Homère
Louvre-Lens
Qui, à l’évocation des noms d’Hélène, d’Hector, de Pâris, d’Achille ou d’Ulysse, ne voit pas défiler devant lui les événements rapportés par Homère ? L’œuvre du poète a inspiré, à toutes les époques, écrivains, musiciens et artistes, de la peinture au théâtre et au cinéma. L’exposition de Lens nous replonge, à travers 250 œuvres, allant de l’Antiquité à nos jours, dans le monde de la mythologie grecque, avec ses dieux, demi-dieux, héros et humains, avec leurs querelles et leurs guerres. Et nous prenons ainsi la mesure de la fascination exercée par l’Iliade et l’Odyssée encore aujourd’hui.
L’exposition de Lens est une promenade où résonnent les deux épopées helléniques, un monde bien lointain mais toujours présent. Dans la première salle est dressée une demi-douzaine de statues représentant les dieux de l’Olympe. Sur le mur de droite est accrochée une grande toile de Cy Twombly (1928-2011), représentant Achille pleurant la mort de Patrocle (1962). Une interprétation de la scène de l’Iliade, où le peintre américain jeta sur la toile de la peinture rouge et griffonné à la mine de plomb. Sur le mur de gauche est placée une tapisserie de la manufacture des Gobelins, de différentes nuances de carmin, d’après David Boeno, relatant un passage du chant IV.
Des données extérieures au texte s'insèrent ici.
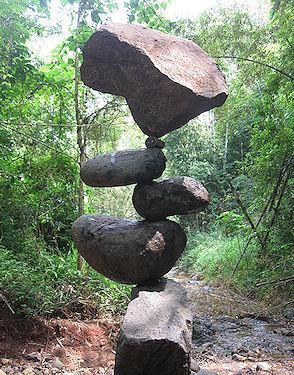 No tricks, glue, tape or wires, just perfect balance. #ModernArt #Sculptures Rock Balancing, Stone Balancing, Balanced Rock, Rock Sculpture, Pet Rocks, Land Art, Rock Garden, Stone Rocks, Stone Art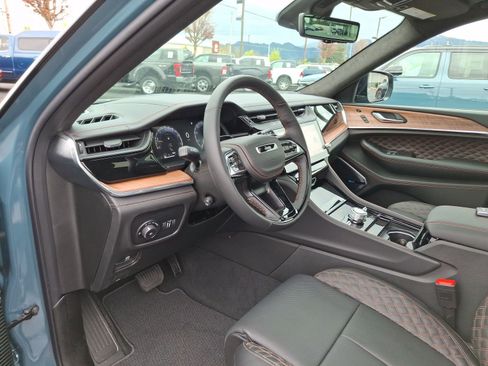 New 2026 Jeep Grand Cherokee Summit AWD/4WD image 18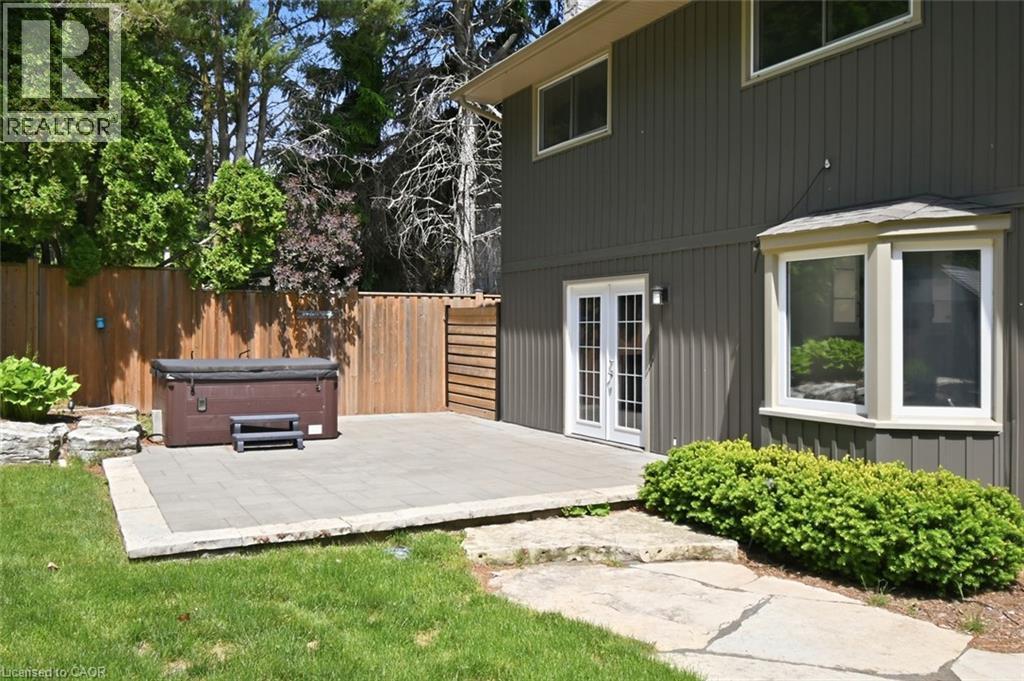 












94 DORCHESTER Drive

,
Grimsby,




Ontario
L3M1A8

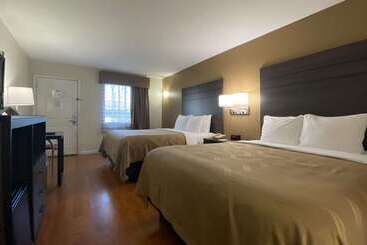 هتل Quality Inn Branson  Hwy 76 Central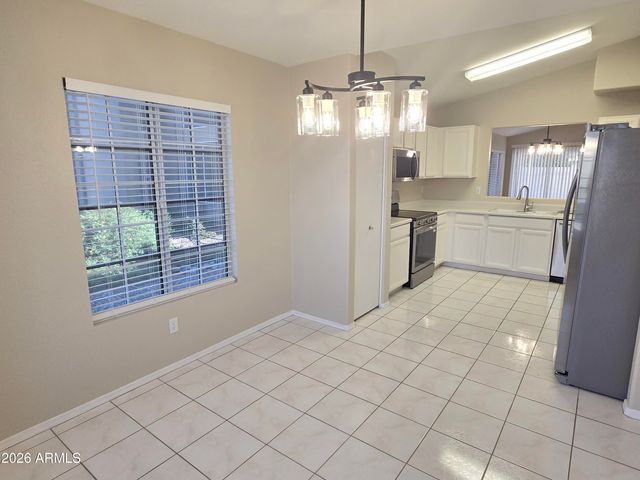 697 W GOLDEN Street, Gilbert, AZ 85233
Les thèmes du meurtre, de la mort, et de la vengeance nous accompagnent avec des peintures, des objets et des statues représentant des moments dramatiques du poème, comme : Hector tué par Achille de Pierre Paul Rubens (1630) ; le cadavre de Sarpédon, mort sous les coups Patrocle, porté jusqu’à Zeus, son père, par Thanatos et Hypnos, d’Henri-Léopold Lévy (1874) ; le duel d’Ajax et d’Hector représenté sur un aryballe en argile à figures noires (625-620 av. J.-C.). Des œuvres d’Antoine Watteau, Gustave Moreau ou Marc Chagall sont aussi présentes pour nous rappeler d’autres épisodes…
Quant à L’Odyssée, les représentations de ce poème sont plus sereines. Une peinture de John William Waterhouse (1849-1917) montre Circé alanguie dans un fauteuil, offrant une coupe à Ulysse (1891) ; Antoine-Jean Gros (1771-1835) représenta Hélène avec des seins vigoureux et des joues rosées au côté de Pâris (première moitié de XIXe siècle) ; ou cette peinture de Léon Belly (1827-1877), montrant les sirènes nues, tentatrices, s’accrochant au bateau d’Ulysse (1867).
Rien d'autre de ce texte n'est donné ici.